Opening hours in each of the five UCD libraries vary throughout the year.

==Liaison with other libraries and organisations==
UCD Library participates in a number of collaborative initiatives and projects. These include IReL (the Irish e-Library, an initiative funded by the Higher Education Authority and Science Foundation Ireland to provide a world-class portfolio of e-journals to support research), IRIS (a company which manages the IReL initiative), ALCID (a reciprocal access scheme for academic staff and postgraduate research students), CONUL Training and Development, which provides a regular staff training and development programme, and the RIAN Project, funded through the Higher Education Authority's Strategic Innovation Fund to provide e-repositories in each university, and a national portal, for open-access research publications.

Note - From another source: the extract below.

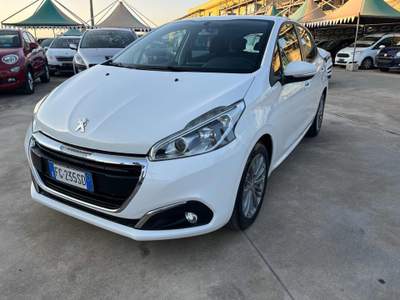Peugeot 208 PureTech 82 5p. GPL Allure Bianco usata Giugliano in Campania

Internationally, the library has participated in the past in a number of research projects funded through the European Commission's FRAMEWORK Programmes, and, as an affiliate member of the NEREUS Consortium, participated in the NEEO (Network of European Economists Online) project, funded by the eContentplus Programme, a multilingual portal to the full-text research outputs of 500 top researchers in the partner institutions.
UCD Library was a partner with the library of the Queen's University of Belfast in the PADDI (Planning Architecture Design Database Ireland) project and both libraries continue to jointly operate the PADDI Database service.
UCD Library is an institutional member of SCONUL, CONUL, IATUL, IFLA and LIBER.